A long, purring limousine waited on the curved driveway on the south lawn of the grounds. MacVeagh got in the front seat with Smith and they drove over the Memorial Bridge and out George Washington Parkway to MacVeagh’s home in McLean, Virginia.
The old stone house squatted darkly under its television antenna, like a slumping sentinel with upraised rifle on a wintry border outpost. Only the footprints of the paper boy marred the sheet of snow still refusing to melt a week after the storm.
“Come on in and make some coffee while I change,” said MacVeagh. “My wife and daughter are out in Iowa for a week and I’m batching it.”
“No, thanks, Senator.

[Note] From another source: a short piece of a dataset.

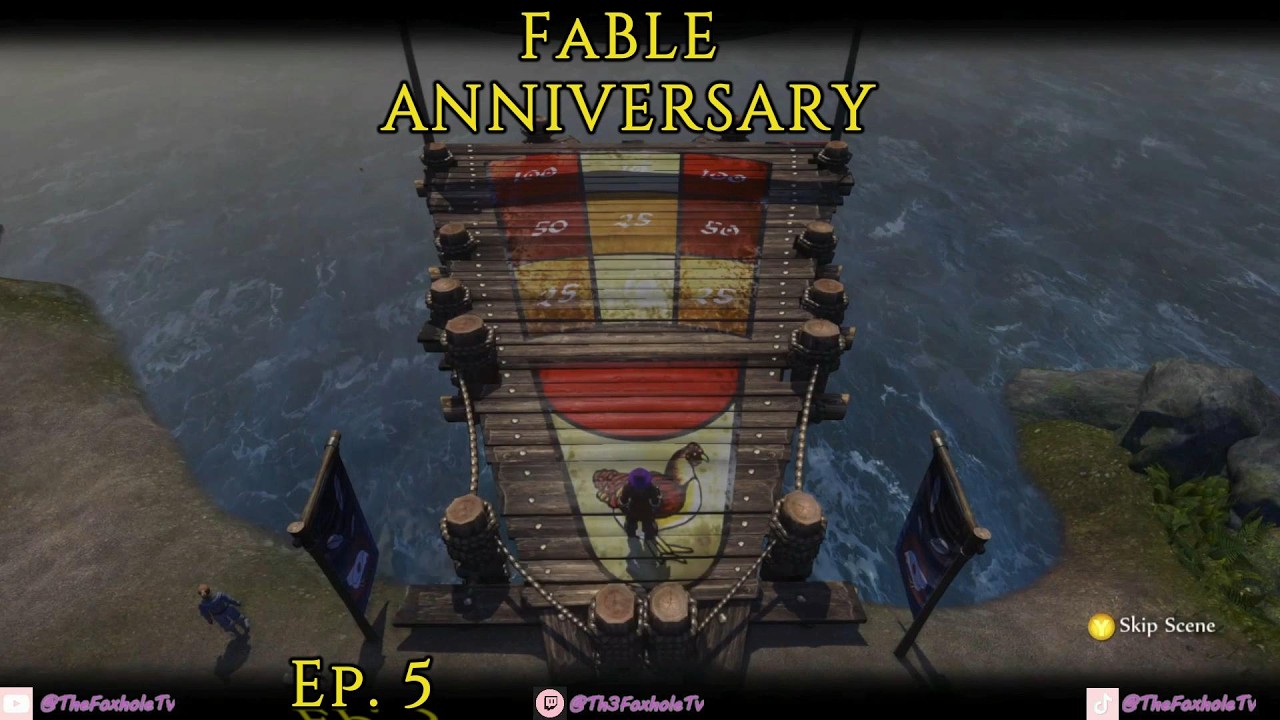 A Fox Enters Albion ~ Fable  Ep. 5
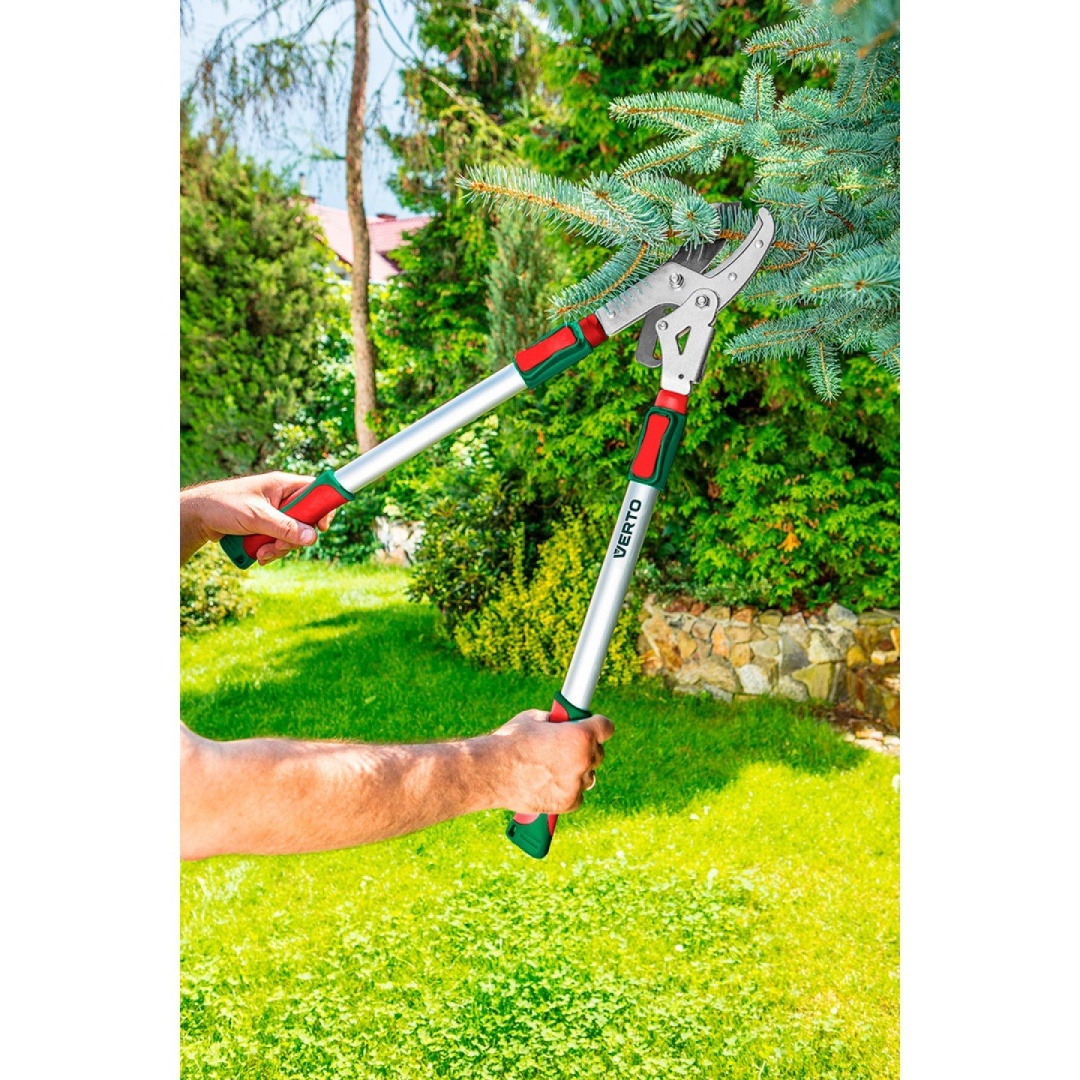 Teleskopininis sekatorius 670 mm, kirpimo diametras 45 mm, 1 Teleskopininis sekatorius 670 mm, kirpimo diametras 45 mm, 1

I’ll stay here and keep this heater going.”
MacVeagh fumbled for his key just beyond the rays of the car’s headlights. If Martha had been with him, the carriage lamps would be on, casting warm amber circles, but with Martha away, he’d forgotten. In the bedroom, MacVeagh unhitched his formal harness, swore twice over the studs and collar button, and put on a fresh
pair of socks. Then he wondered about his attire and went back to the front door in his shorts and undershirt.
“Hey, Luther,” he yelled. The agent pressed a button to lower a front car window.
“What am I supposed to wear?” he called. “I’ve never been to Camp David before, let alone in the middle of the night.”
“Old clothes,” Smith called back. “The man always wears khaki pants and a sweater up there.”
MacVeagh settled for gray slacks, a flannel shirt, and a fleece-lined windbreaker he used for fishing on cold mornings. He thought fleetingly of phoning Martha in Des Moines, decided it was too late, and trotted back to the limousine. Smith motioned him into the back seat.
“You might as well get some shut-eye,” he said. “It’ll be after two when we get there.”
But the whisky and wines swam in MacVeagh. His head felt fluffy, and so they talked for half an hour, chiefly about Smith’s trade of protecting presidents. It was tough with this one, said the agent, because he insisted on changing the drill at the last minute. Tonight, for instance, they had to call three agents out of bed and get them to scout the highways ahead of the President. Oh, well, the pay wasn’t much, but the pension wasn’t bad and you met a lot of interesting people, including the zombies who threatened to set fire to the White House with a blowtorch. Protecting the President became your sole cause, and you’d turn in your own brother if you suspected him of compromising the man’s safety. They were almost to Frederick before MacVeagh fell asleep.
He awoke with a flashlight shining in his face. When it had been lowered and he had rubbed his eyes, he saw a Marine sergeant saluting briskly from the steps of a log guardhouse. The snow lay deep here and the towering firs were silhouetted in the fragile moonlight. A snowplow had cleared the road, leaving ridges almost two feet high on either side. The forest was thick, no wind stirred, and only the crunch of the car’s tires could be heard in the hush of the night hours. Smith stopped the limousine before the largest of a cluster of wooden buildings. A dull green paint, the drab uniform of service bases, attested to the retreat’s maintenance by military crews.